Against a great player, drop-shot serves will get punished badly. They can read your serve preparation, the distances are short, and players react fast. It does not resemble tennis at all, where the court dimensions give you much more time.
So if your opponents are good enough, they will run, position themselves well, and take the net with either a lob, a passing shot, or a body shot.
However, a slow serve can be very useful. A serve that lands and dies right near the glass, without bouncing up much, is perfect.
Let me cook...
If you manage to hit a slow serve to the glass, you will make your opponent:
1. Doubt whether to attack the ball or wait for it.

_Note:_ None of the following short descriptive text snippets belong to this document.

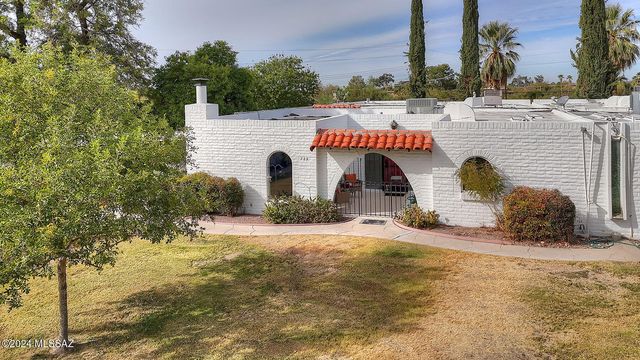 729 W LAS LOMITAS Road, Tucson, AZ 85704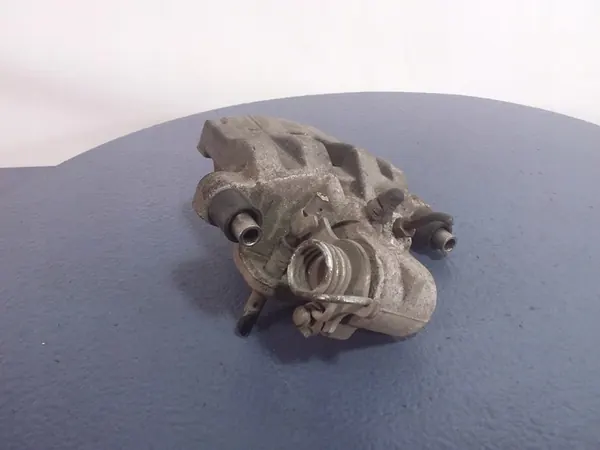 Takajarrusatula oikea Ford Focus MK2 1.6 TDCi B190085R image 3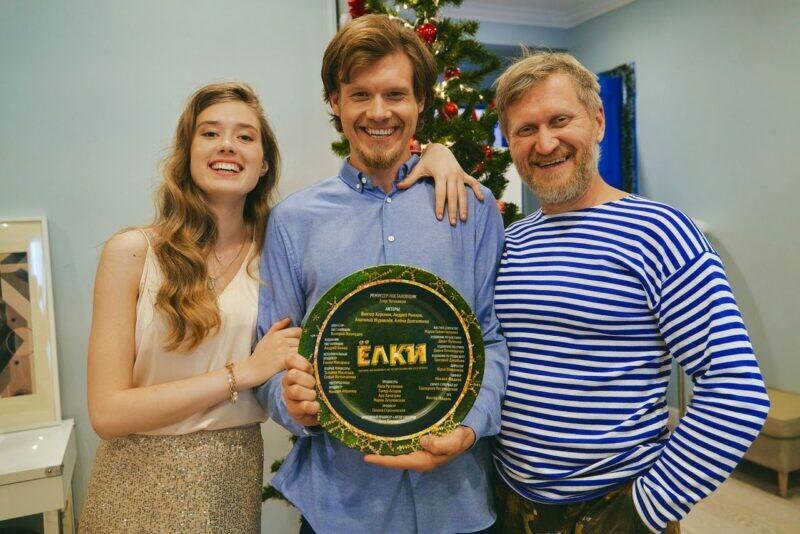 Кадры со съёмок «Ёлки 11». Фото: Агентство «Эффект бабочки». Фотография взята из открытых источников.  📷
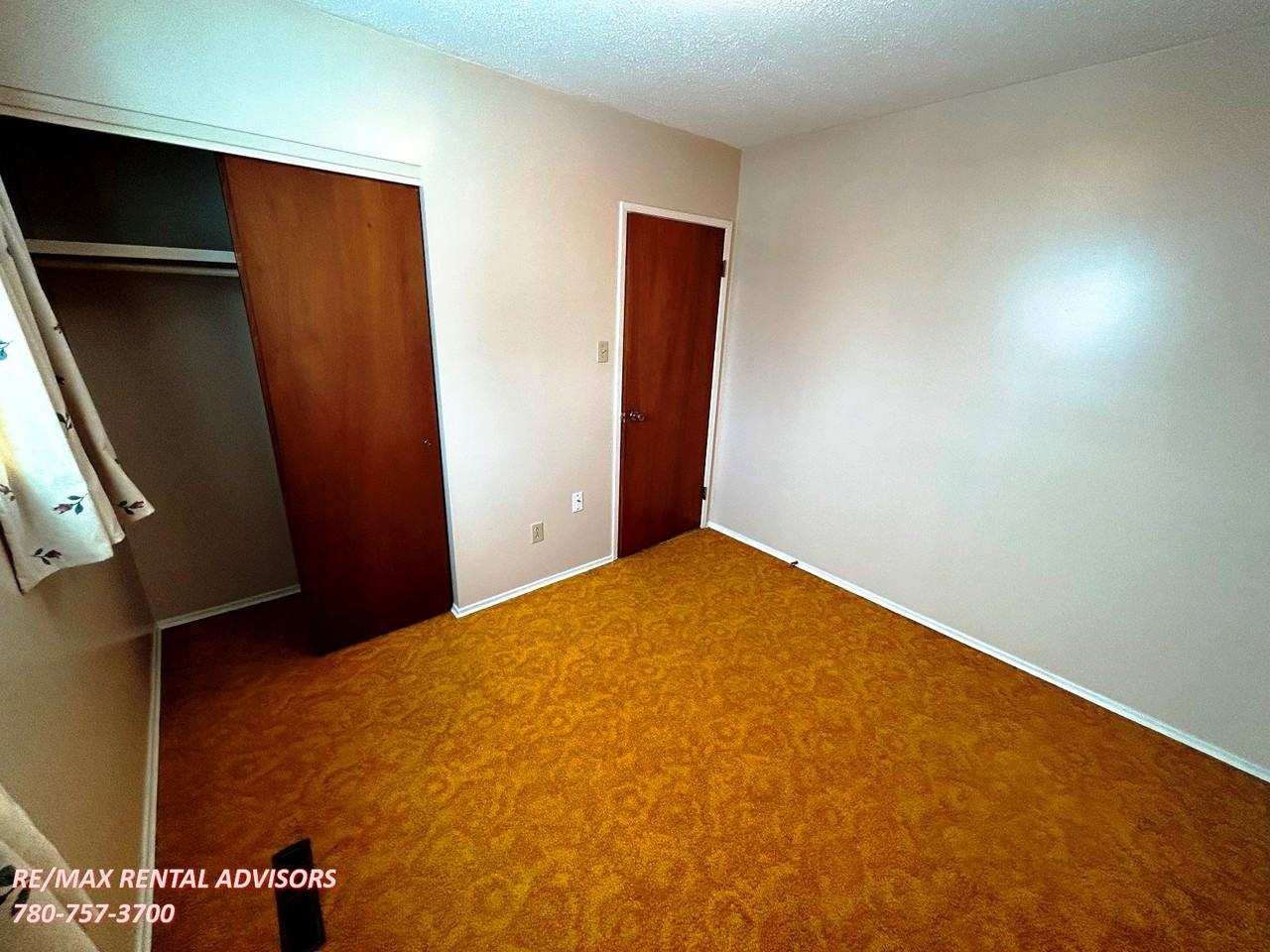 7316 132 Avenue Northwest - Photo 6 of 14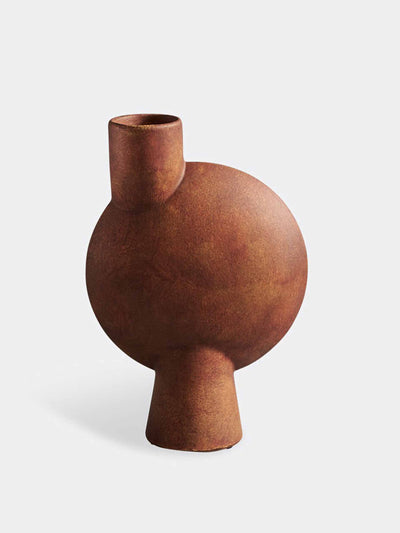 Frankbros Terracotta vase at Collagerie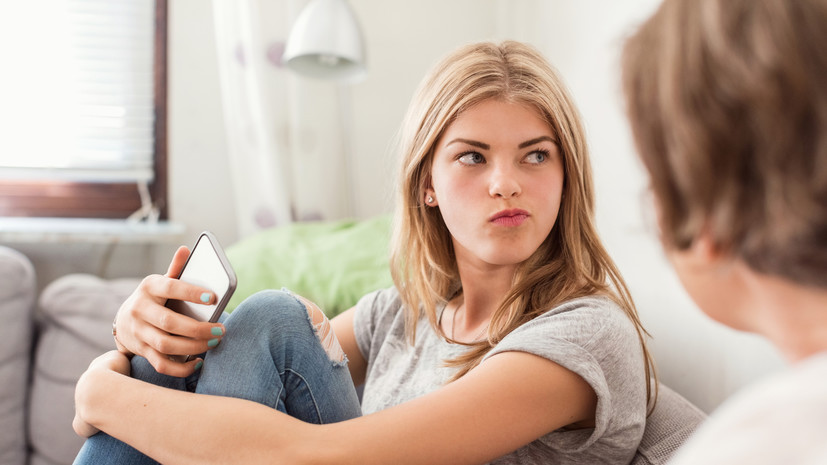 Более половины россиян выступили против финансовой помощи взрослым детям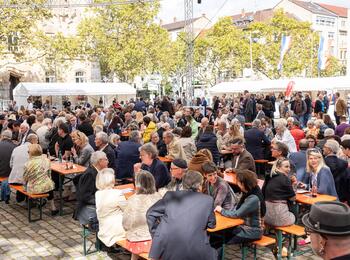 Dienststellen der Stadtverwaltung waren an den Ständen auf dem Toulonplatz zur Amtseinführung von Oberbürgermeister Christian Specht vertreten.
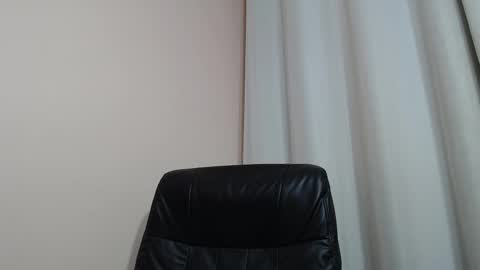 saradorj92 online show from 01.16.26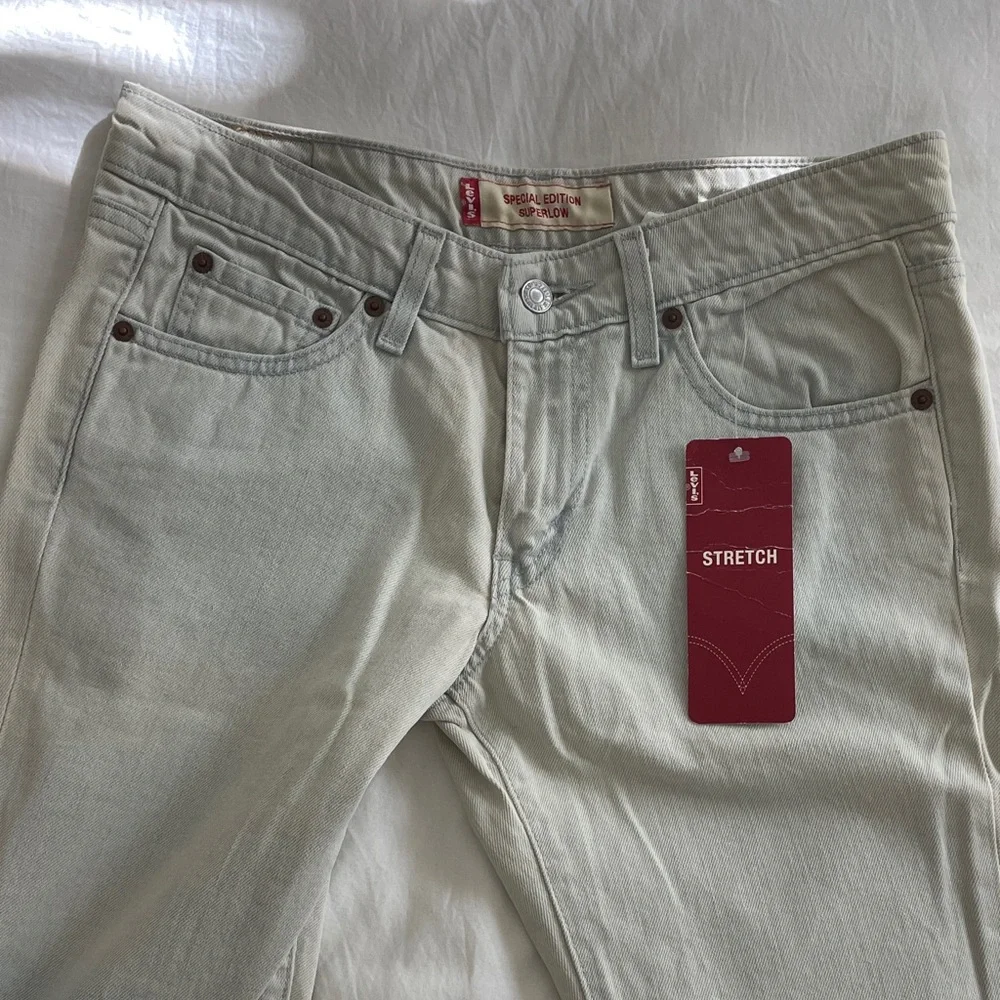 NWT! Levi's 518 Superlow Stone Gray Bootcut Jeans - Picture 4 of 11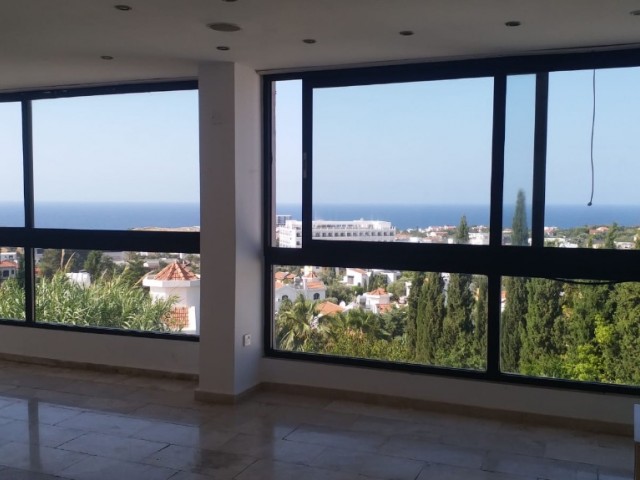 Çatalköy’de mükemmel deniz manzaralı şömineli eşyasız 2 + 1 kiralık daire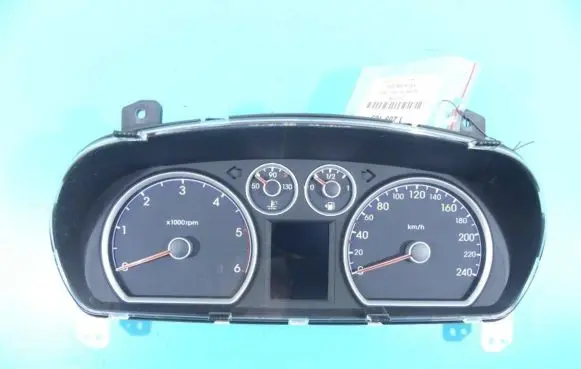 Hyundai i30 Speedometer (instrument cluster) 94033-2R230 IMPRK1289189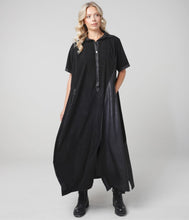 Load image into Gallery viewer, Dress Black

2. Adjust to a different serve speed, assuming your previous serves were faster.
3. Generate their own pace, which is much harder than just blocking a fast ball that comes straight at them. This will make them hit the net more often or produce short lobs.
4. If they do not attack the ball, they will likely give you a low-quality return, since they will probably have to lean back to hit it.
Try it on decisive points by changing from a fast serve to a slow one. Just make sure it goes close to the glass, because if it does not, it will not work.
Thank me later.
If i manage a slow dying serve, it’s a winner 9/10. Slow serve is hard to master consistently though so I try using it rarely to surprise the opponents.
hey dude great comment, actually learnt something :D
It's good to hear that. I'll try to comment more often if that helps.
I've training hard for almost 5 years now. Time flies haha.
But I definitely have a thing or 2 to share.